Que cherchait à faire
Rosa ?
Elle s’efforçait de ramener les
manifestations extérieures de l’impérialisme à
leur racine commune : « la surproduction chronique et
générale » dont a parlé Engels et que
nous avons cité ci-dessus. Quelles sont ces manifestations
extérieures ? Il s'agit de :
- la lutte des
différentes puissances impérialistes pour la conquête
de sphères d’influence (il ne s’agit plus
aujourd'hui de colonies cependant on voit ressurgir la notion de
‘Protectorat’ dans des pays comme l’ex Yougoslavie,
l'Irak, etc…) ;
- l’économie de guerre (à
l’époque l’on disait le militarisme) ;
-
le protectionnisme ;
- l’organisation, au niveau
international, des marchés monétaires et financiers
(Lénine employait le terme d’exportation de
capitaux).
Il n’est pas nécessaire d'en dire plus, le
lecteur aura compris que Rosa était totalement fidèle à
la théorie économique de Marx et d'Engels, ce
qu’étaient obligés de condamner les
« opportunistes » pour justifier leur politique
d’abandon et de soutien à l’impérialisme.
De
même, elle a parfaitement décrit ce qu’est devenue
l’économie capitaliste moderne depuis la crise de 1929 :
une économie de guerre généralisée ne
survivant qu’à travers la guerre permanente. Les guerres
impérialistes mondiale n’ont plus cessé depuis
1936 jusqu’à nos jours.
Mais nous ne sommes pas du tout étonnés de retrouver ensemble les opportunistes de la social-démocratie et les bolchévisateurs d'accord pour dénigrer et rejeter le travail de Rosa - qui n'est que l'expression la plus fidèle du marxisme. Cette alliance objective comporte une explication. Rosa Luxemburg éclaire, mieux que personne, ce moment fondamental de l’histoire du capitalisme au tournant du siècle, moment si particulier et si révélateur de la nature du capitalisme avec son basculement dans la crise permanente et la guerre mondiale, signes flagrants de sa faillite historique.
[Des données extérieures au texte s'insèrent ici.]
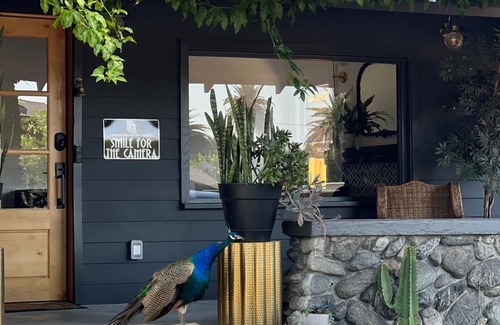 Westmont House | Charming 1-bedroom house with WiFi and AC in Pomona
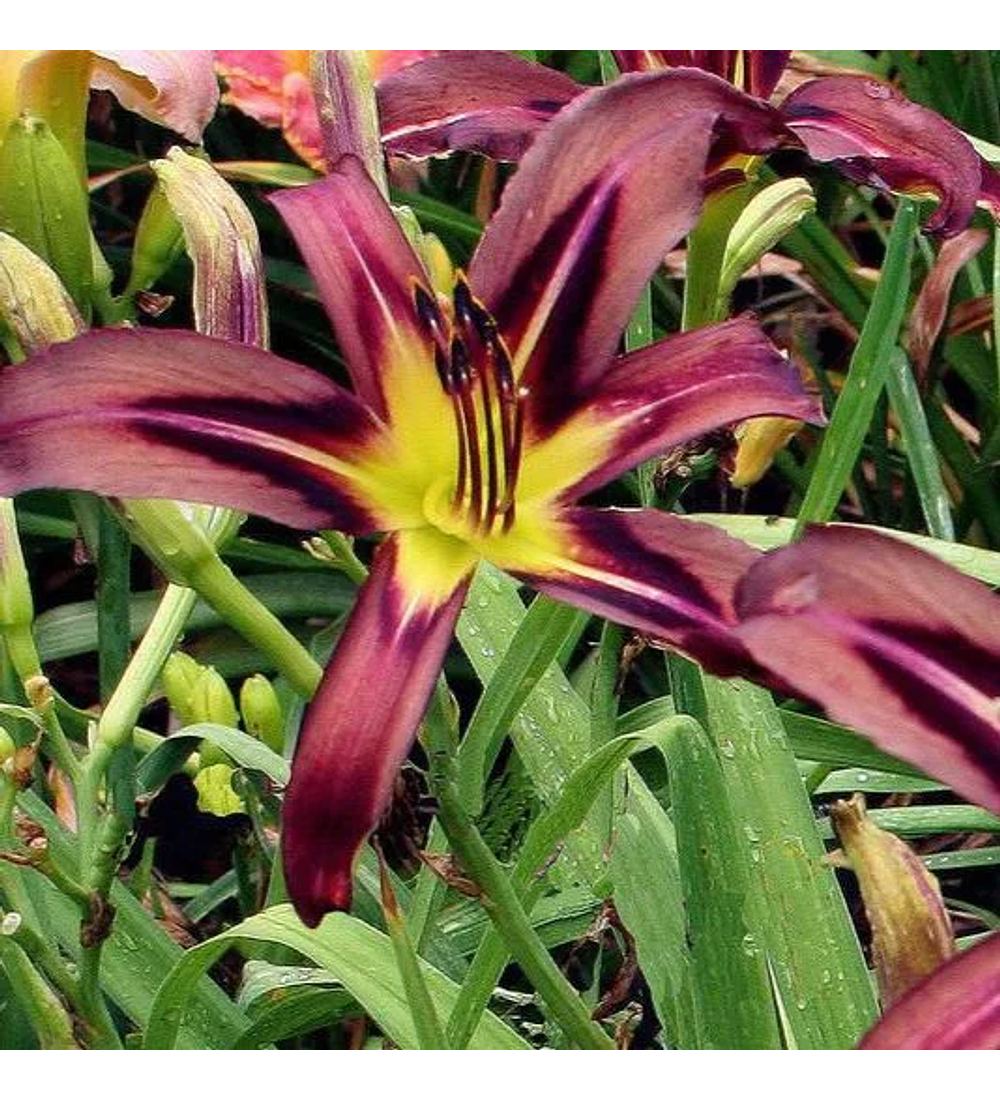 Hemerocallis Black Arrowhead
En s'attaquant à Rosa, les opportunistes et les bolchévisateurs montrent bien que, durant les premières années du 20ème siècle, ils ont été avant de passer avec armes et bagages dans le camp de la bourgeoisie, d'excellents défenseurs du capitalisme et des détracteurs du marxisme.
Notes:
1 Lucien Laurat dans son livre sur L’accumulation du Capital, 1930, Libraire des sciences politiques et sociales.